─── Provided entries ───
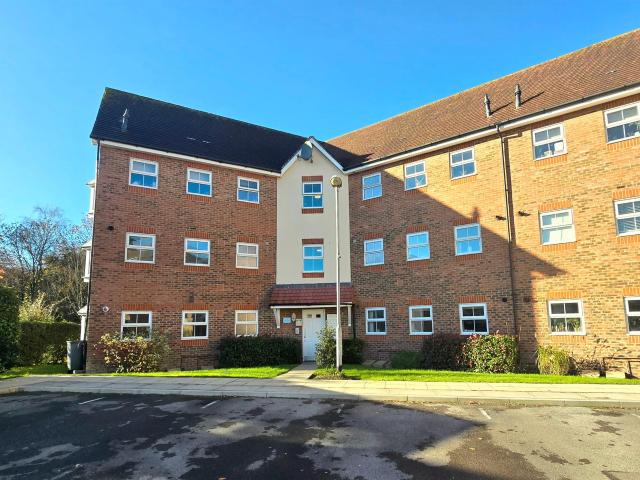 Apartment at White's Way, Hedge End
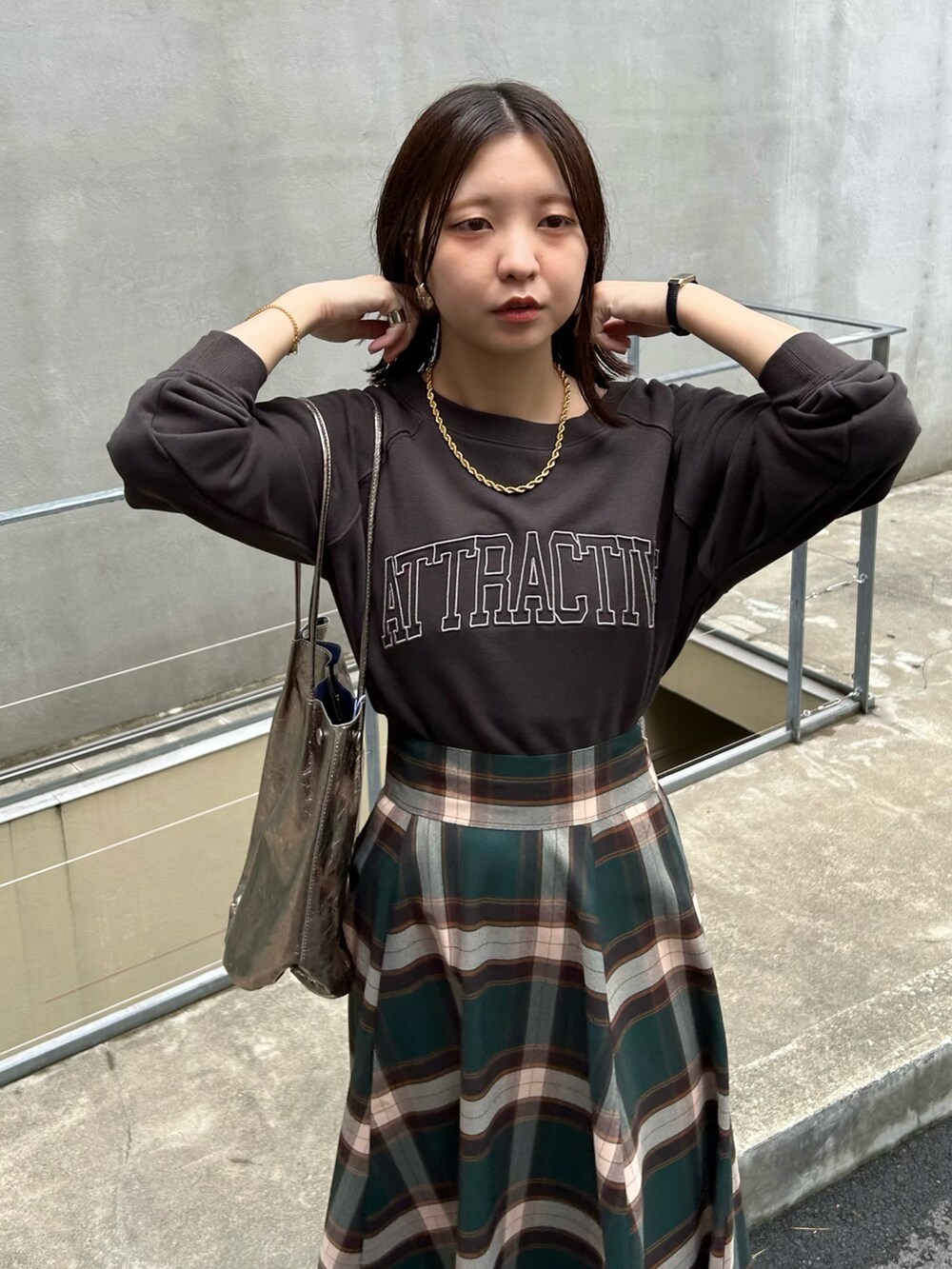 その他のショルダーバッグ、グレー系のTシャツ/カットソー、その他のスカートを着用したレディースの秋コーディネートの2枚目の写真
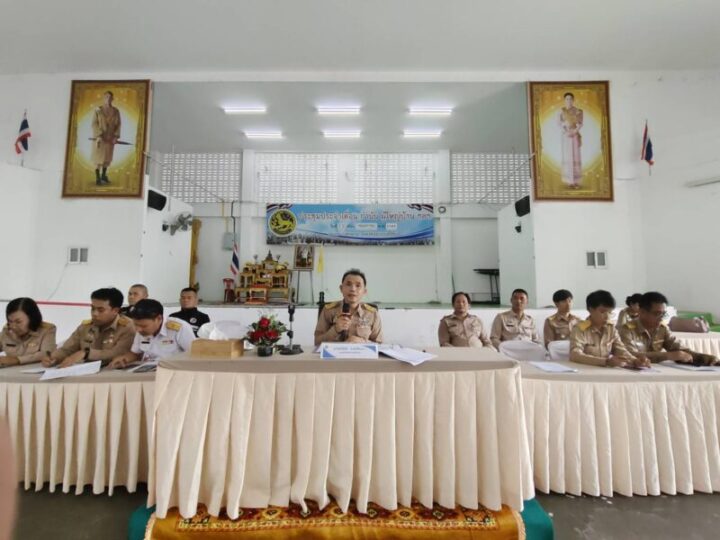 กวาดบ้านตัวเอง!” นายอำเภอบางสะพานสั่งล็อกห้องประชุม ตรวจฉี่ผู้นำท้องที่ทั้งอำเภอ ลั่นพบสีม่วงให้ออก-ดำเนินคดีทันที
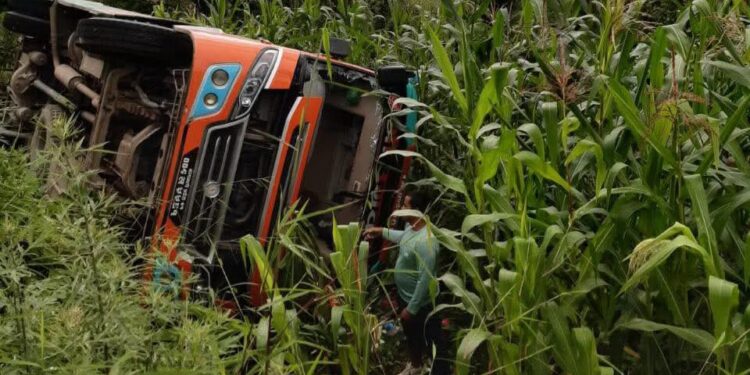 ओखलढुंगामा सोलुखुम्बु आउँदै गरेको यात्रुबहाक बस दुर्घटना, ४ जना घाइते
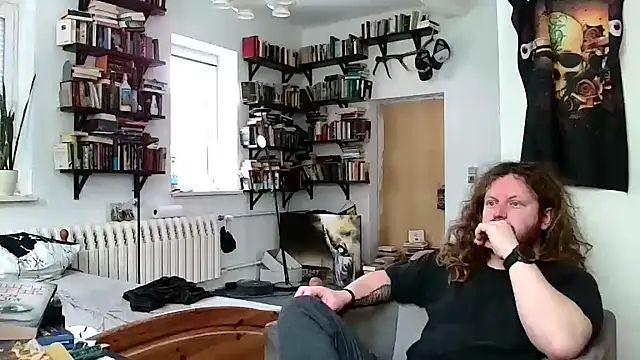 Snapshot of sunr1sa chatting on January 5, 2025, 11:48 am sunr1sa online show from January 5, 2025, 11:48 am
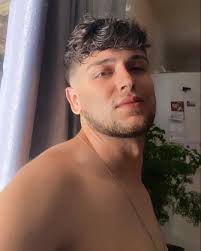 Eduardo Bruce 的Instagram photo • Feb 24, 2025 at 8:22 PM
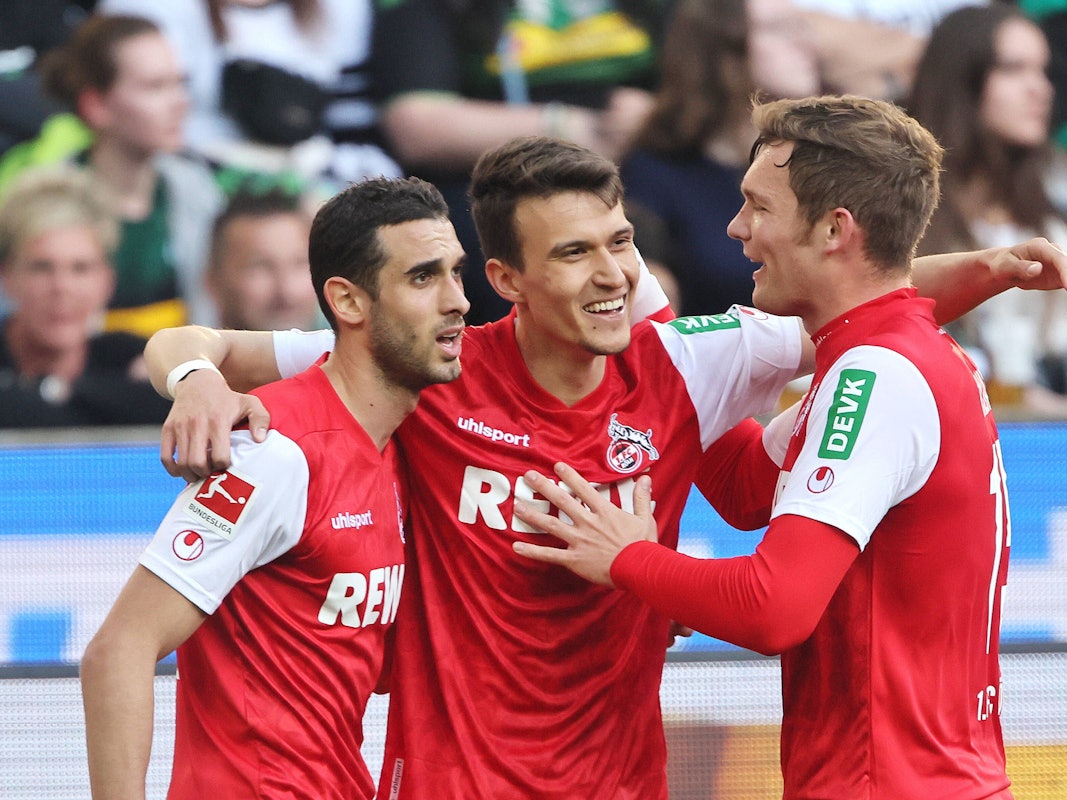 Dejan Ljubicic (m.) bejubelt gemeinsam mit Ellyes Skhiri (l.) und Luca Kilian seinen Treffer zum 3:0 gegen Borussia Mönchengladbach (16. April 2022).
───
### Assignment
Set down all records verbatim, omitting images.

### Result
 Apartment at White's Way, Hedge End
 その他のショルダーバッグ、グレー系のTシャツ/カットソー、その他のスカートを着用したレディースの秋コーディネートの2枚目の写真
 กวาดบ้านตัวเอง!” นายอำเภอบางสะพานสั่งล็อกห้องประชุม ตรวจฉี่ผู้นำท้องที่ทั้งอำเภอ ลั่นพบสีม่วงให้ออก-ดำเนินคดีทันที
 ओखलढुंगामा सोलुखुम्बु आउँदै गरेको यात्रुबहाक बस दुर्घटना, ४ जना घाइते
 Snapshot of sunr1sa chatting on January 5, 2025, 11:48 am sunr1sa online show from January 5, 2025, 11:48 am
 Eduardo Bruce 的Instagram photo • Feb 24, 2025 at 8:22 PM
 Dejan Ljubicic (m.) bejubelt gemeinsam mit Ellyes Skhiri (l.) und Luca Kilian seinen Treffer zum 3:0 gegen Borussia Mönchengladbach (16. April 2022).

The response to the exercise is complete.